Small businesses have endured the wrath of coronavirus more than most other parties. It is possible the majority of small businesses in America will fold during and after the pandemic, giving way to a corporate-dominated economy in which consumers have fewer shopping choices as well as fewer employment opportunities. Indeed, this is a tumultuous time to be a small business owner. However, as detailed below, there is reason for small business owners to have hope.
Do Not Let Your Hard Work Go to Waste
If you are like most small business owners, you have invested years of hard work into building your company. It would be a shame if this hard work were in vain due to a virus emanating from the other side of the world. There is no sense abandoning ship now just because the economy has been temporarily put on pause. It is better to exhaust all possible options in attempt to save your “baby” than give up hope and cede your customer base to greedy corporations with the deep pockets necessary to continue to operate through the pandemic and a possible economic
Apply for the Paycheck Protection Program
According to Scura Law Firm, the Paycheck Protection Program, also known as PPP, is available to small business owners amidst this challenging time. Nearly three-quarters of small business owners have attempted to apply for a piece of the program’s $350 billion. The program provides fully forgivable loans which are better described as grants as the money does not have to be paid back.
Sadly, the National Federation of Independent Business (NFIB) reports merely one-fifth of small business applications for PPP assistance have been approved and fulfilled with the depositing of funds. The majority of those who applied for this federal government pandemic assistance program have been waiting for a response stating the status of their application. However, it is possible the program will be extended and replenished with additional funds as the pandemic continues.
The Economic Injury Disaster Loan Program (EIDL)
Nearly one-half of the country’s small business owners applied for the federal government’s other major loan program dubbed the Economic Injury Disaster Loan or EIDL for short. This program serves up disaster assistance loans for struggling businesses. However, merely 10% of business owners who applied for the EIDL loan actually received the funds in a timely manner from the date of their application. EIDL was funded by the COVID-19 stimulus package passed into law by Congress in the weeks following the outbreak. All in all, the stimulus package contained $2 trillion.
A total of four million companies applied for the nearly $400 billion of EIDL funds available. However, Congress merely dedicated $17 billion for this program. Still, there is reason for hope as Congress and the executive branch are working together to add more funds to the EIDL program, possibly in an ongoing manner until the pandemic ends. The only question is whether small businesses will be able to survive while waiting for these funds. It is possible only the businesses with ample cash reserves will be able to stay the course amidst the pandemic.

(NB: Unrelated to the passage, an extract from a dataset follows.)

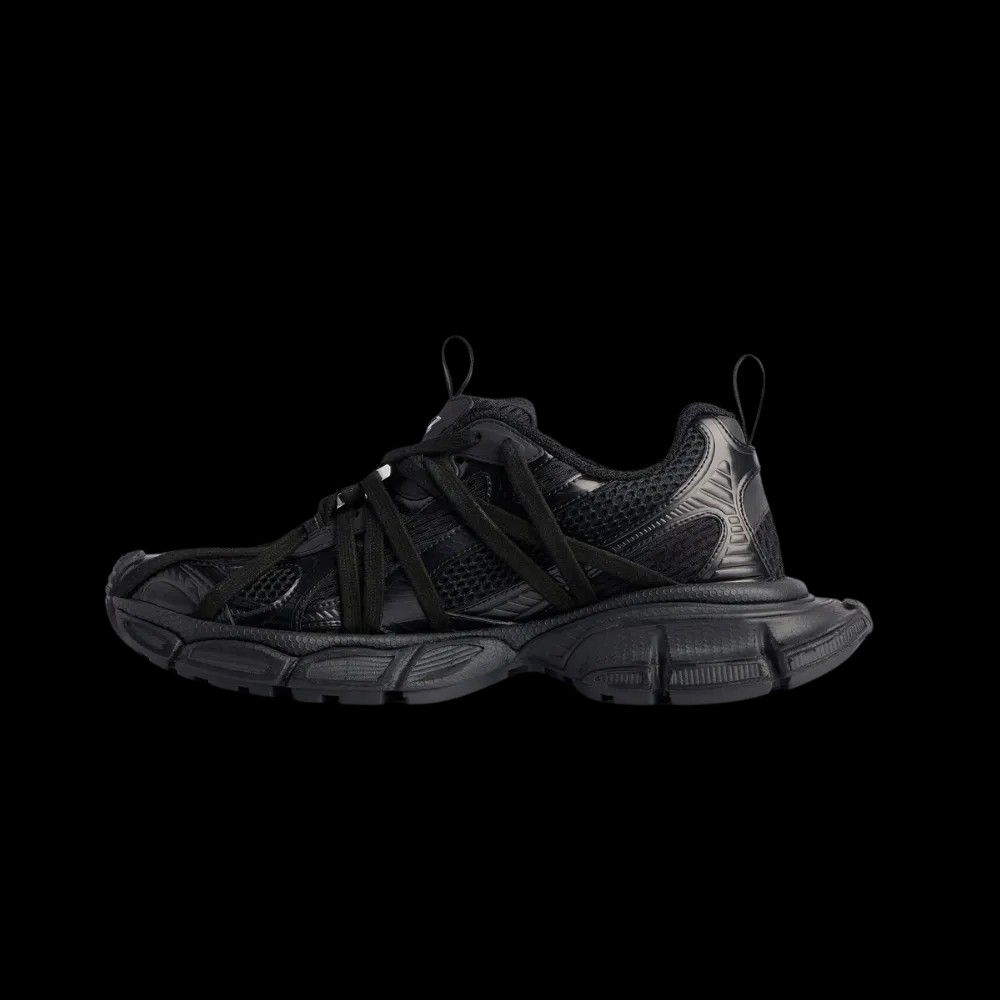 Balenciaga 3XL Extreme Laces B Sneaker In Black - HypeFly India View 3
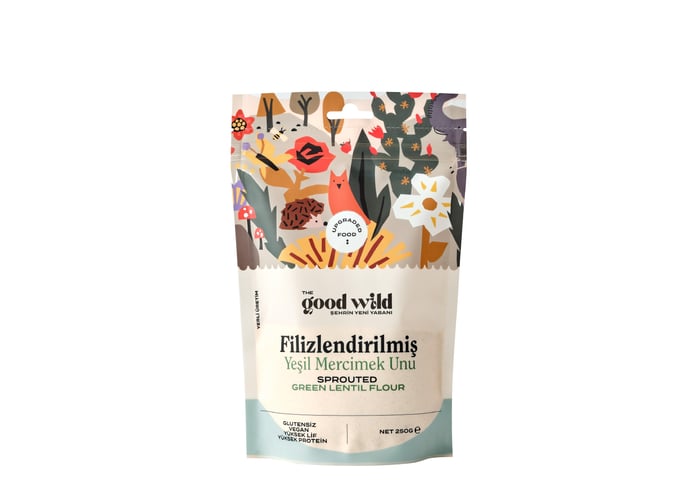 Filizlendirilmiş Yeşil Mercimek Unu (300gr) - The Good Wild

Furthermore, businesses with strong online sales have a competitive advantage as they will still be able to sell to customers over the internet throughout the duration of the pandemic that has shuttered traditional brick-and-mortar facilities.

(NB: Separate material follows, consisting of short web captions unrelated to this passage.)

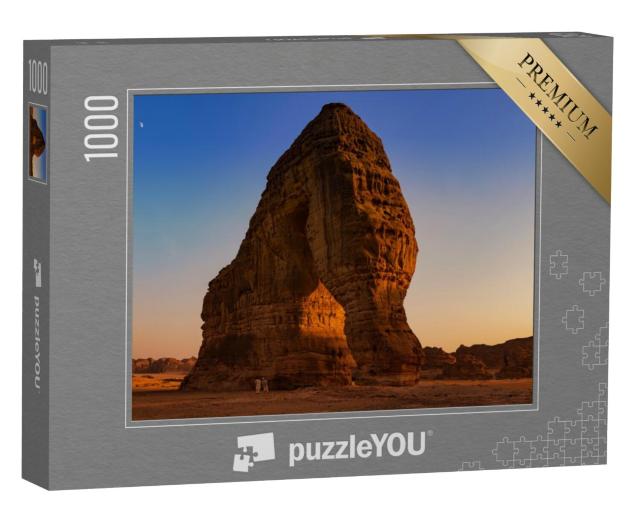 Puzzel 1000 stukjes „De Olifantenrots, Al Ula, West-Soedi-Arabië“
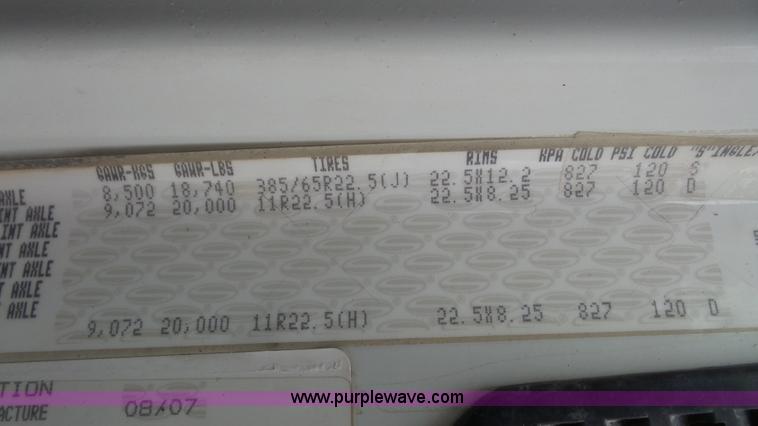 image for item K5118 2008 Sterling L9500 dump truck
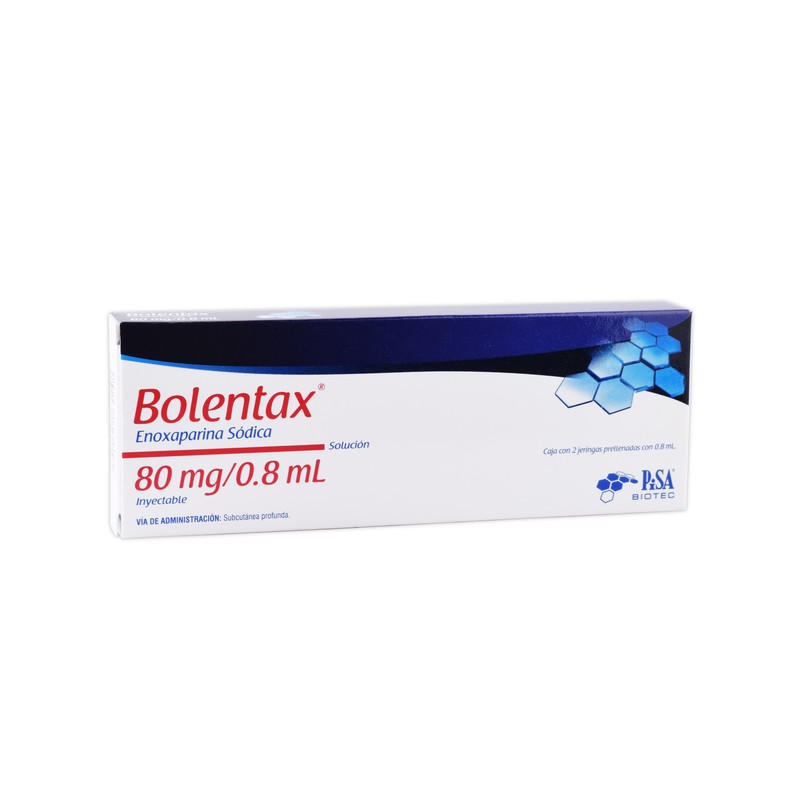 Bolentax sol. iny. c/2 jgas. prellenadas 80 mg/0.8 ml.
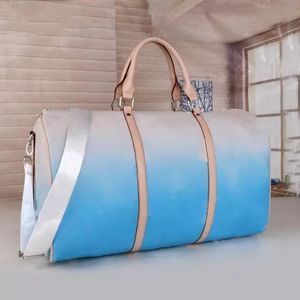 Fashion Designer 50CM Tote Large Capacity General Purpose Travel Bags Womens Mens Leather Carry Luggage Famous Shoulder Straps Duffel Bag Messenger 080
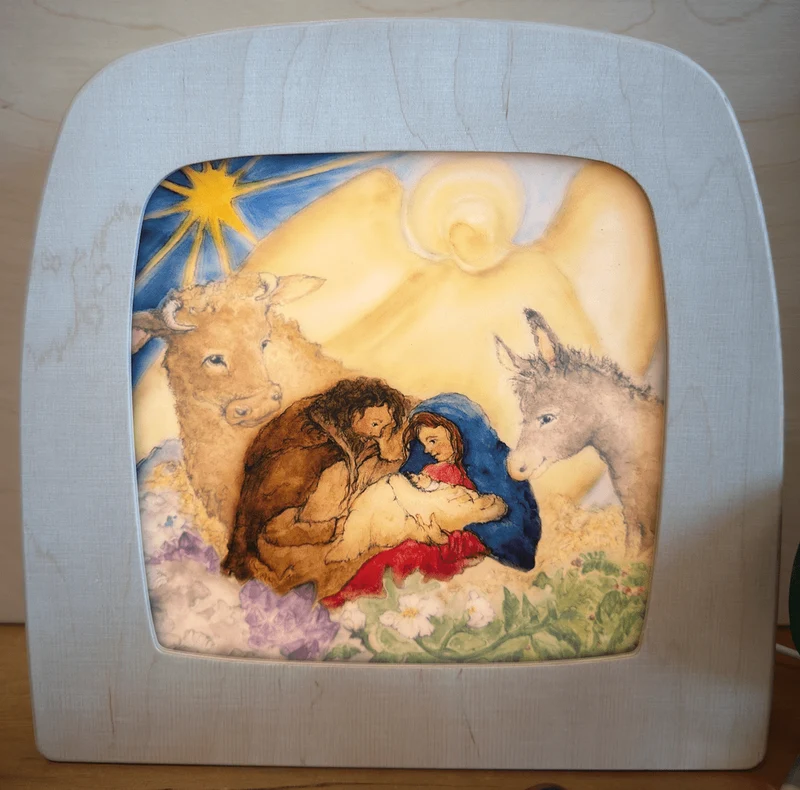 Toverlux Lichtbilder Adventsgeschichte "Layered Light, Advent Story"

Let’s take a look at what small business owners can do to keep their business alive during the pandemic.
This Is a Time for Creativity
It is often said that necessity is the mother of invention. This means when the times get tough, the most creative people find a way to make money and ultimately survive. Use the pandemic as an opportunity to pivot to online sales or expand your offerings in another manner. Develop a new niche, keep the revenue flowing and your business will survive.
Reduce Your Business Expenses
This is the perfect time to “trim the fat.” Do everything possible to build up your cash reserves. Cut out all those unnecessary expenses ranging from employee retirement contributions to credit cards and other luxuries. Minimize inventory purchases to prevent the continued bleeding of cash and hold on tight.

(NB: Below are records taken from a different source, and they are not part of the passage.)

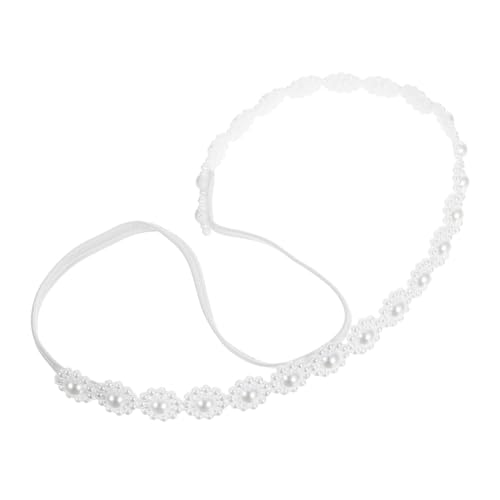 LOLIPPYY Newborn Haarband mit Perlen Leichtes Haarschmuck für Mädchen Handgefertigt Sanftes Kopfbedeckung für Fotoshootings und Besondere Anlässe Vielseitig in Elfenbeinfarbe von LOLIPPYY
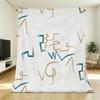 Flannel Trimmed Blanket, Minimalist Soft Skin-Friendly Throw, Warm Home Decor for Halloween & Christmas, Cozy Daily Use, Inviting Warm Atmosphere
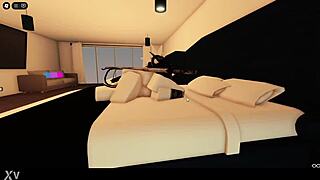 Boyfriend forces fuck on Roblox!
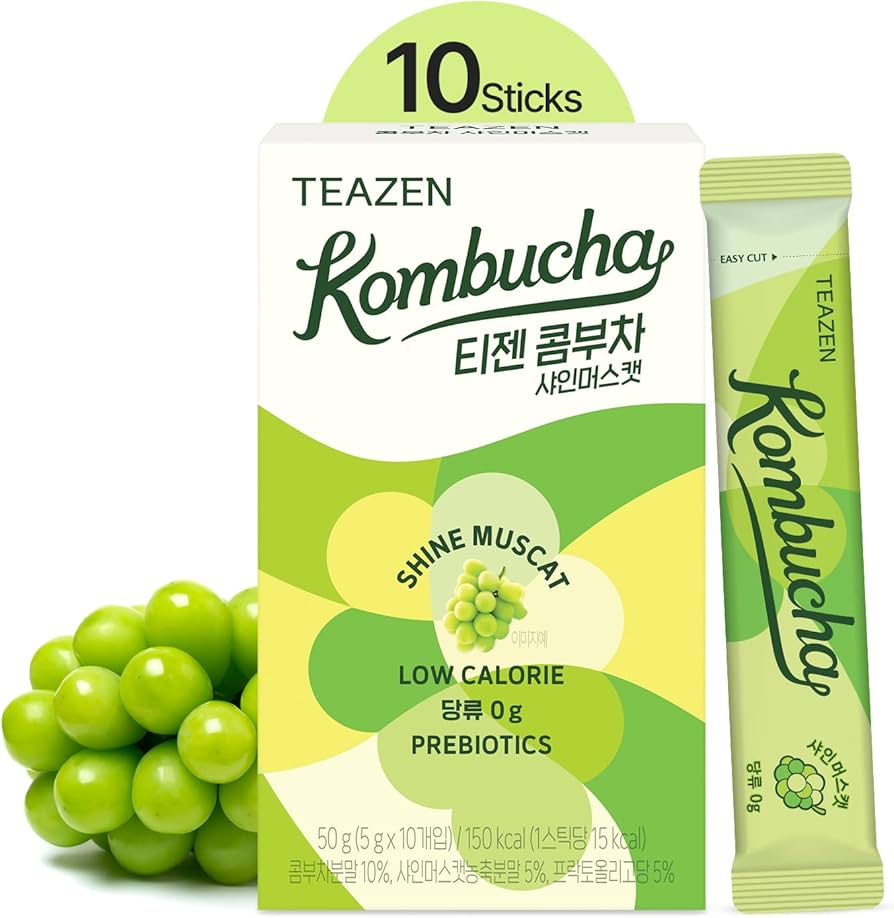 Amazon.com: TEAZEN Shine Muscat Kombucha Powder, Electrolyte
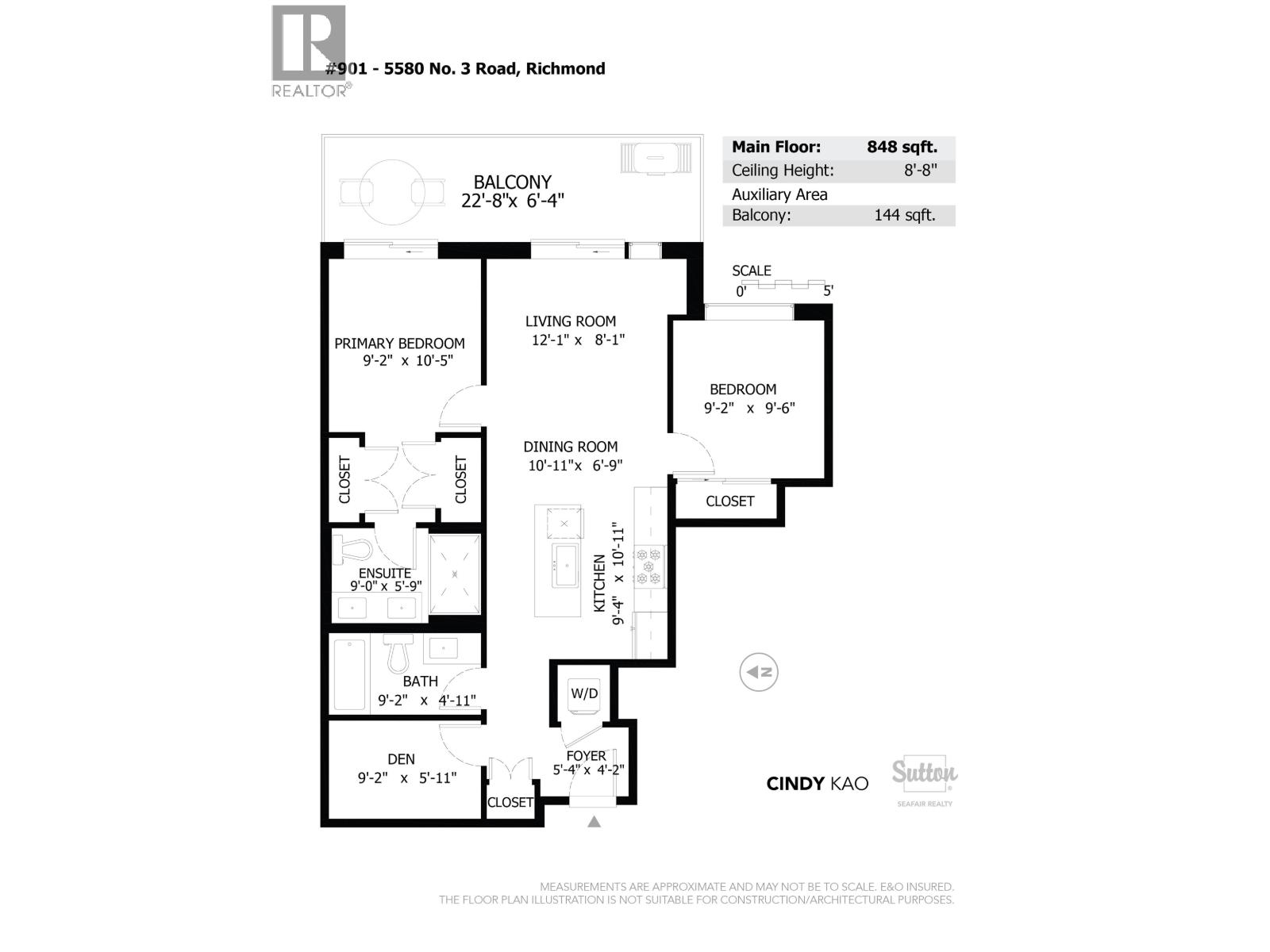 901 5580 No. 3 Road, Richmond, British Columbia  V6X 0R8 - Photo 27 - R3104797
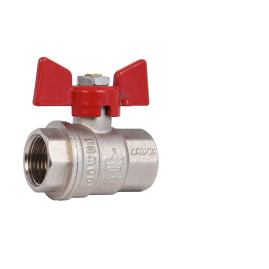 Кран KAISER 802-1/2 г/г бабочка усиленный 1/2"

Shift Your Focus to the Long-Term
Think about how your business will survive or fail across the long haul before making any decisions. Consider how your actions will impact your business’s preparation when the pandemic comes to an end. Remain in communication with staff so they are ready to roll once the economy re-opens.
Bring in as Much Business as Possible
Develop a plan of action and determine how to proceed in the most prudent manner possible. Manage your cash flow, keep the revenue coming in and your company will survive. If necessary, alter your offerings so you have a constant flow of cash that keeps your enterprise afloat until the pandemic ends.
Exhaust all Possible Options Before Making a Decision
This is a time to consider your last resort options. Whether your last resort is tapping into a refinancing of your business, credit cards or a home equity line of credit, it is worth considering in order to build a financial bridge that helps you survive to a happy and financially healthy life after the coronavirus pandemic comes to an end.
It Would Be Wise to Seek Expert Counsel
Countless experts are available to lend a helping hand amidst the coronavirus outbreak. From accountants to business advisers, plenty of professionals are willing to pitch in to keep small businesses operational. Some such professionals even provide web-based assistance to help those with financial challenges avoid bankruptcy.